■ **Task item**
For the material below, return exactly the lines starting at the line containing "Fabric Bendable Candy" and ending at the line containing "Austin 1983 Austin Metro 1275", both ends included, and no others.

Start of Data in this exercise

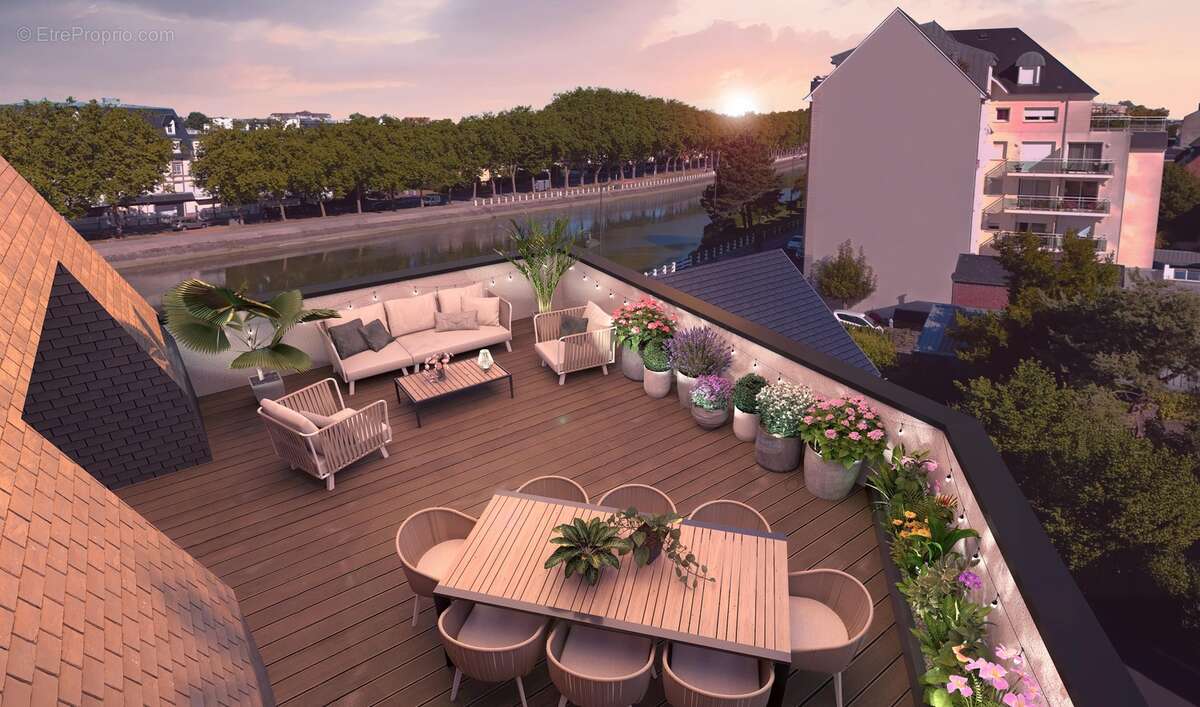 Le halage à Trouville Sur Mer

End of Data in this exercise
Start of Data in this exercise

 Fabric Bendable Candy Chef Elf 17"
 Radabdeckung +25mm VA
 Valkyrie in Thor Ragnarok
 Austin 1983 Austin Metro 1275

End of Data in this exercise
Start of Data in this exercise

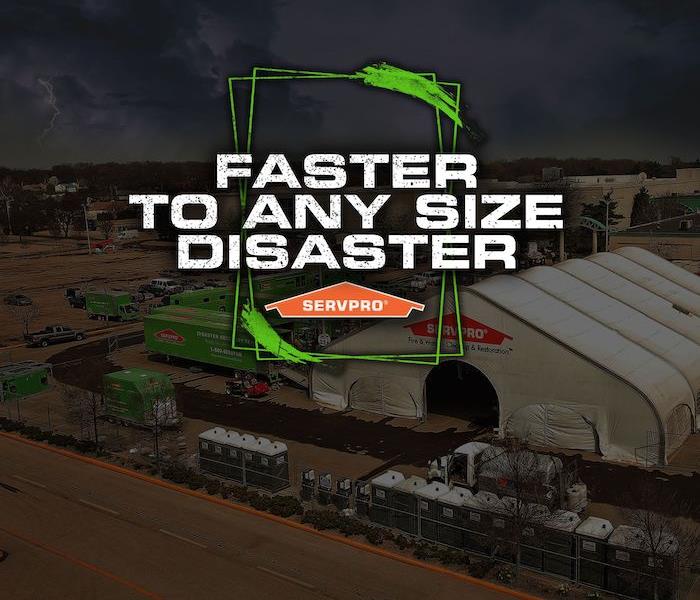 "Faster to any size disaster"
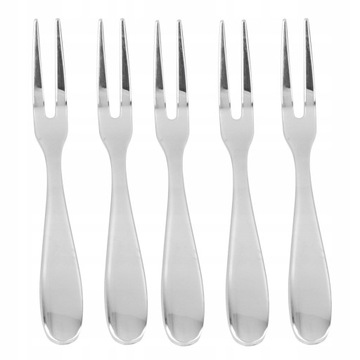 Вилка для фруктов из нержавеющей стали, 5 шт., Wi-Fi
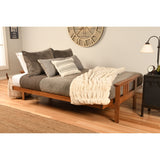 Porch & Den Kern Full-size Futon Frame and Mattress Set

End of Data in this exercise

■ **Output for this task**
 Fabric Bendable Candy Chef Elf 17"
 Radabdeckung +25mm VA
 Valkyrie in Thor Ragnarok
 Austin 1983 Austin Metro 1275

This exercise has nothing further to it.